It was home to one of the state's largest manufacturing complexes. Today the former Colt Armory is slowly coming back in the form of offices, apartments and school and possibly a national park.
"We would love to become a national park," Larry Dooley, the developer of Coltsville, said. "It would be a beautiful thing."
On Tuesday the National Shooting Sports Foundation suddenly pulled its support for the federal effort to give the site national park status sending a letter to the congressional delegation and Governor Dannel Malloy.
It read in part: "Our industry is offended by the hypocrisy of our elected officials in Congress and the state government that simultaneously advocate for legislation that pays homage to our industry’s heritage and legacy in Connecticut by establishing a National Park on the site of the legendary, iconic Colt factory, while at the same time pursue gun control legislation."

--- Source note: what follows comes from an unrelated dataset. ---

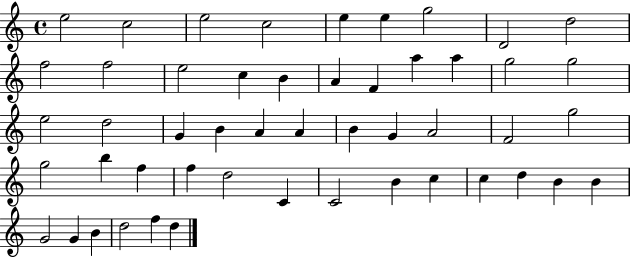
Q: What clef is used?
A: treble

The letter sparked a colorful response from Gov. Malloy on Wednesday.
"I think they went out and cut a bunch of sour grapes and ate them," he said. "That's what I think."
In their two-page letter NSSF is hoping to send a message but it's a message Connecticut lawmakers call a scare tactic.
The bill to make Coltsville a national park has been discussed for the better part of twenty years.
Dooley told NBC Connecticut he does not want to get involved in politics. He said their plans to create a visitor's center under the iconic dome are moving ahead either way.
"I really don't understand how politics has to do with history and this becoming a national park," questioned Dooley. "It's not going to effect our ability to become a successful project."